Back to notebook Case 004

Data Processing

Mass data pipelines, cleansing and ETL automation for critical datasets in production workflows.

Mission

Replace fragile manual imports with repeatable, safer data-processing workflows at production scale.

Current Stack
PythonMySQLPostgreSQLSQL

Casefile Summary

System Role

ETL and cleanup layer for high-volume imports that need repeatable processing and safer operational reruns.

Primary Users

Internal operations and systems that depend on large datasets arriving clean enough for downstream use.

Operational Constraint

Encoding, malformed rows and partial failures had to be treated as first-class workflow behavior, not one-off exceptions.

Why It Exists

To replace fragile import scripts and manual cleanup with one operational workflow that can process large batches safely.

Problem

Large imports were error-prone, repetitive and exposed to encoding issues that did not show up in small test runs.

Architecture

The workflow separates staging, cleanup and final persistence so bad data can be corrected without corrupting the target state.

Source file -> staging tables -> cleanup rules -> validated rows
     |               |                |                 |
     v               v                v                 v
 batch input    raw persistence   SQL / Python     target tables

Key Decisions

  • Use staging layers before touching production-facing tables.
  • Handle encoding and malformed data as part of the pipeline.
  • Prefer repeatable reruns over manual cleanup heroics.

System Diagram

flowchart LR A["Source JSON / CSV Files"] --> B["Staging Load"] B --> C["Normalization / Flattening"] C --> D["Validation + Cleanup Rules"] D --> E["Chunked Delivery"] E --> F["Sheets / Target Tables"]

Operational Flow

01 Intake

Batches are received

Large source datasets arrive with inconsistent content, formatting and hidden cleanup work.

02 Staging

Raw rows are isolated first

Data lands in staging so cleanup and validation can happen before production tables are touched.

03 Cleanup

Rules normalize the batch

Encoding fixes, trimming, transformations and rejects are handled as pipeline logic instead of manual edits.

04 Persist

Validated data moves forward

Only cleaned and trusted rows continue into the operational dataset.

Repository Snippet

Based on the private import automation script, anonymized down to the normalization pattern.

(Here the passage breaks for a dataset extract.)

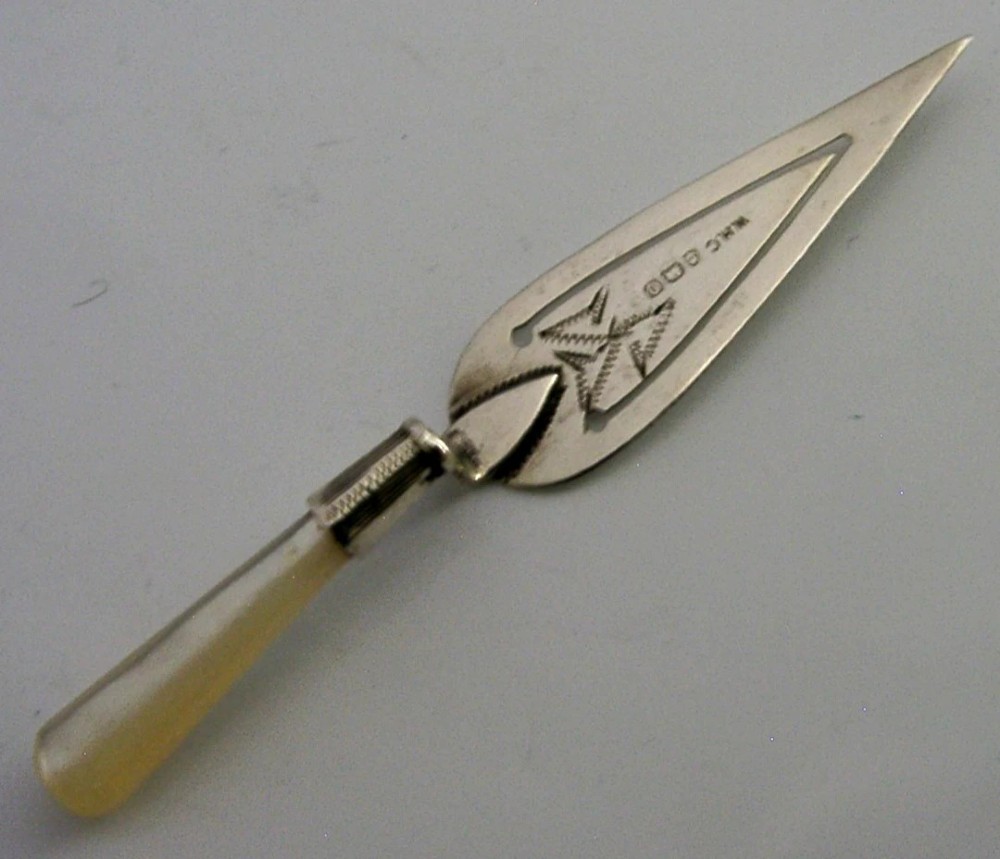 An Edwardian sterling silver bookmark with a tapered mother of pearl handle and an engraved silver clip bearing the Isle of Man triskelion emblem.
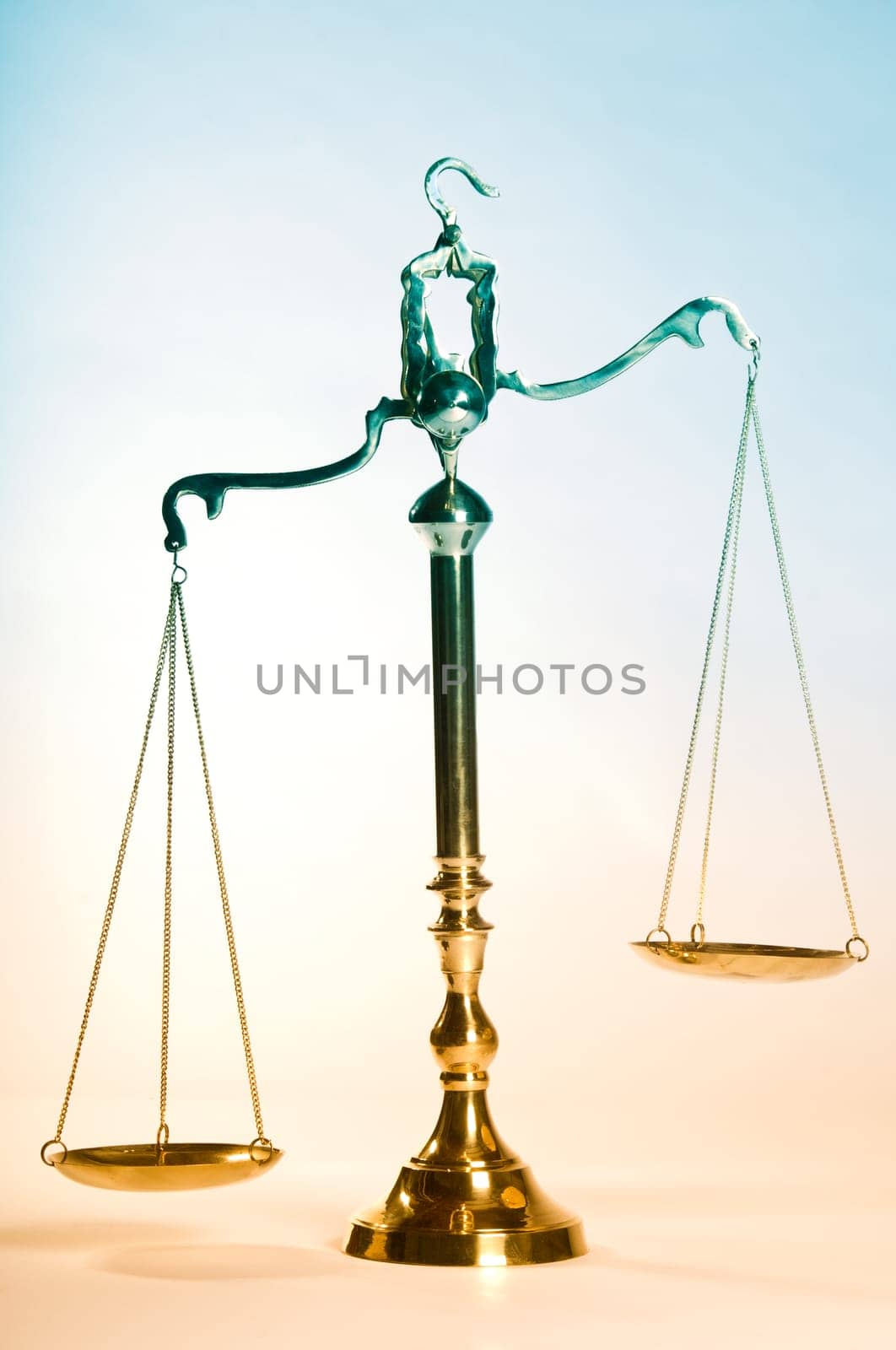 Wooden justice gavel and block with brass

def load_and_normalize_json(file_path: Path) -> pd.DataFrame:
    with file_path.open("r", encoding="utf-8") as f:
        data = json.load(f)
    if isinstance(data, list):
        df = pd.json_normalize(data, sep=".")
    elif isinstance(data, dict):
        df = pd.json_normalize([data], sep=".")
    df.insert(0, "_source_file", file_path.name)
    return df

Decision Record

Context

Imports looked simple in small samples, but at scale they created repeated manual fixes and hard-to-reproduce failures.

Decision

Build staged ETL logic with explicit cleanup and validation instead of pushing raw imports directly downstream.

Tradeoff

More pipeline structure and more SQL, but far better repeatability once the batch size and failure rate matter.

Result

Imports became operational workflows instead of brittle scripts that only work on good days.

Result

More than 900,000 records were processed through controlled ETL logic, with encoding and cleanup problems handled as system concerns rather than ad hoc fixes.

Production Signals

  • Encoding and data quality became architectural concerns at volume.
  • ETLs were built for repeatability and visibility, not just throughput.
  • Imports stopped being scripts once failure handling became operational work.
  • Large reruns became safer because staging and cleanup were explicit.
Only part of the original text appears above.